Weigel

Six Senate Republicans Disappoint Pundits, Allow Unemployment Insurance Debate

Why doesn’t Dan Coats think of the pundits?

Photo by Chip Somodevilla/Getty Images

There it was, right in the lede of the Washington Post’s curtain-raiser story on the politics of inequality.

On Tuesday morning, Senate Republicans are expected to block an emergency measure to extend unemployment insurance. Soon after, President Obama will stand before a handful of the 1.3 million Americans who have begun to lose their benefits and try to shame Republicans for failing to help the nation’s neediest.

Plenty of other Washington chin-strokers were expecting today’s cloture vote on unemployment insurance to go down. Narratives were pre-written about how this might play out—what it might mean for the GOP. But six Republicans joined just enough Democrats and let the bill move. They were: Maine Sen. Susan Collins, Indiana Sen. Dan Coats, Alaska Sen. Lisa Murkowski, New Hampshire Sen. Kelly Ayotte, Ohio Sen. Rob Portman, and Nevada Sen. Dean Heller (who co-wrote the bill). Ayotte, Murkowski, and Coats had all dispatched Tea Party challengers in 2010. All six of these senators serve alongside Democratic senators. Only Murkowski comes from a state that has never voted for Barack Obama.

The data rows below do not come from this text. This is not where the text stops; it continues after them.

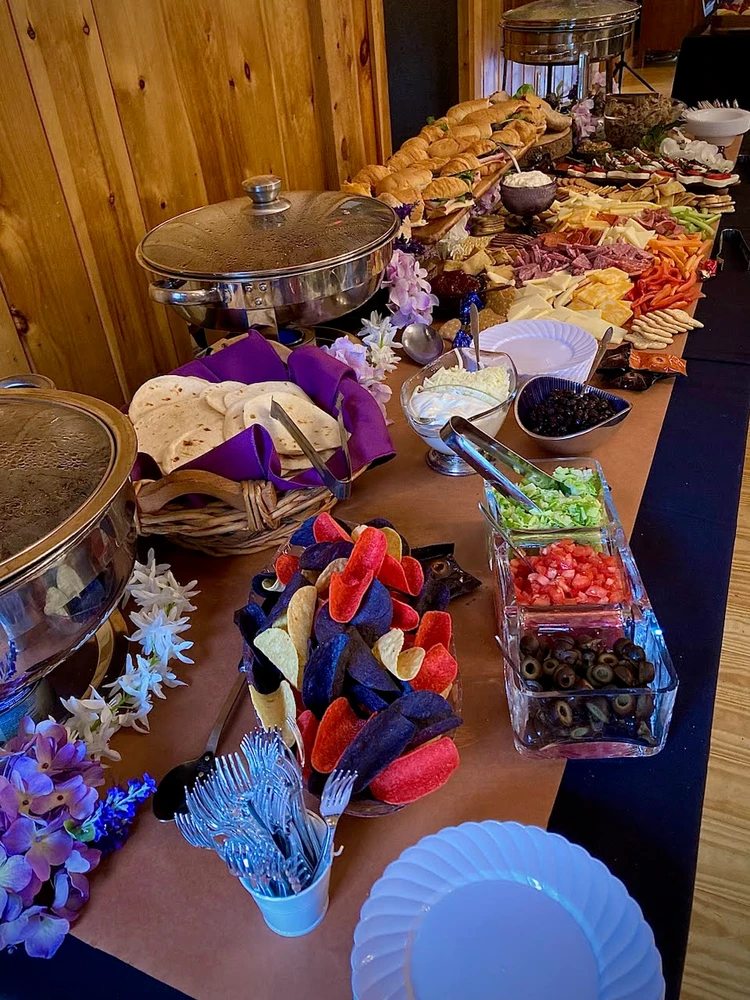 A buffet table with various foods including sandwiches, tortillas, colorful nachos, guacamole, black olives, diced tomatoes, and other dishes set against a wooden wall background. Plates and cutlery are placed nearby.
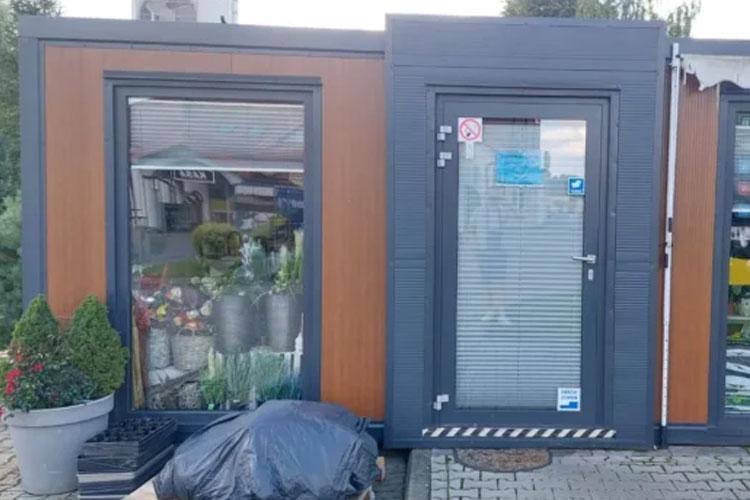 Moderne butikk med store vinduer, inngangsdør og planter utenfor, plassert på en steinlagt gårdsplass.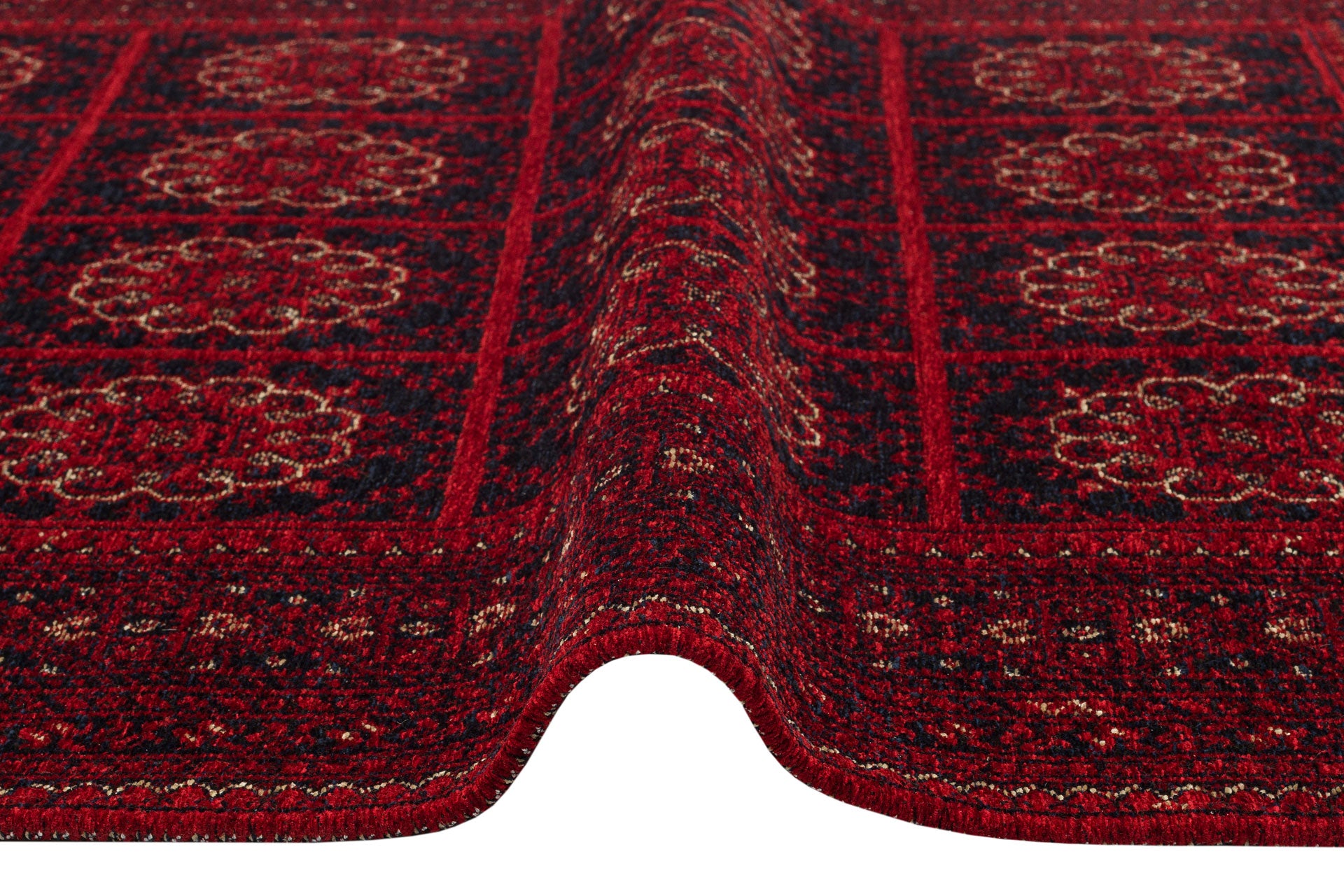 A close-up of the Fire Ripple - Kilim - BHR03 rug reveals red and dark blue patterns, a raised center fold, and intricate geometric and floral designs for elegant Turkish-inspired home decor.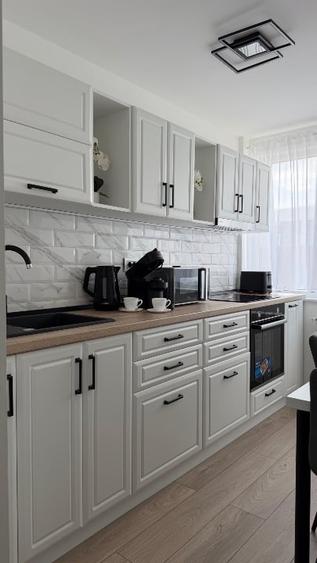 Apartament cu 2 camere semidecomandat, mobilat în Ultracentral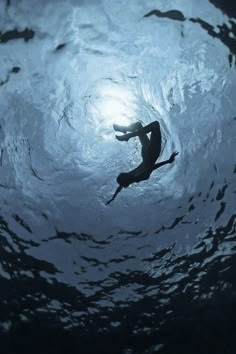 a person swimming in the water with their back turned to the camera and looking up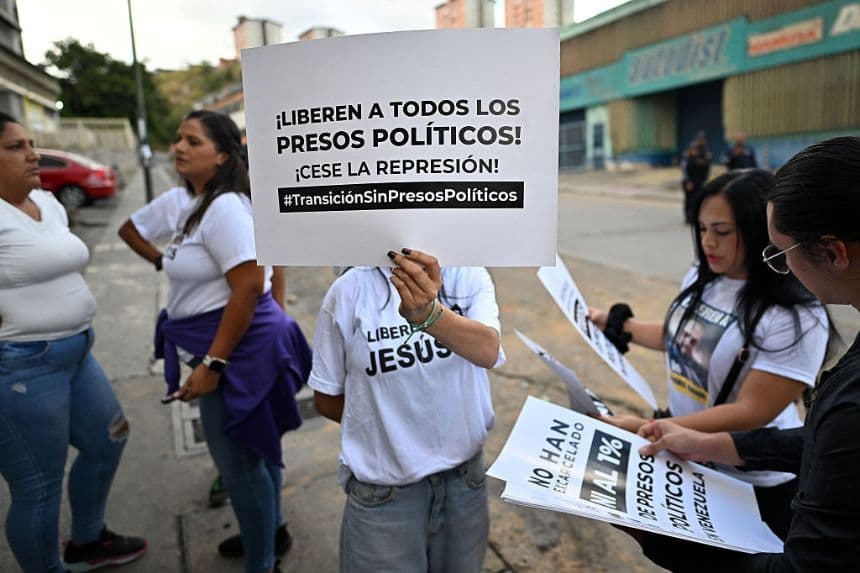 Un manifestante muestra un cartel en el que se lee en español: "¡Liberen a todos los presos políticos!", "¡Cese la represión!", durante una manifestación de familiares de presos políticos que exigían la liberación de sus seres queridos, cerca del famoso El Helicoide —una instalación y prisión propiedad del gobierno venezolano utilizada tanto para presos comunes como políticos del Servicio Bolivariano de Inteligencia Nacional (SEBIN)— en Caracas, el 9 de enero de 2026. (Juan BARRETO / AFP vía Getty Images)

Still: Why’d they do it? I asked Coats when he made up his mind to defy the Club for Growth, et al. and vote to move ahead.

“It’s been an evolutionary process, but it’s based on something most people don’t understand—the way the Senate is being run,” he said. “We did it to try to seek the opportunity to be a player, to offer amendments, to offer alternatives. Here we sit in our caucus, with four or five viable alternatives that we think get people back to work, that cleans up the program where it’s being abused, and that cover the cost. If you vote no on the motion to proceed, you don’t get the chance to show the public what those alternatives are.”

Only six Republicans voted for the UI bill, but two more who voted no—Marco Rubio and Mike Lee—have started giving setpiece speeches about the persistent crisis of poverty. Coats, et al. decided to clear a path for other Republicans, because had UI gone down, Democrats would have accused the GOP of obstruction and heartlessness and senseless unicorn-murder.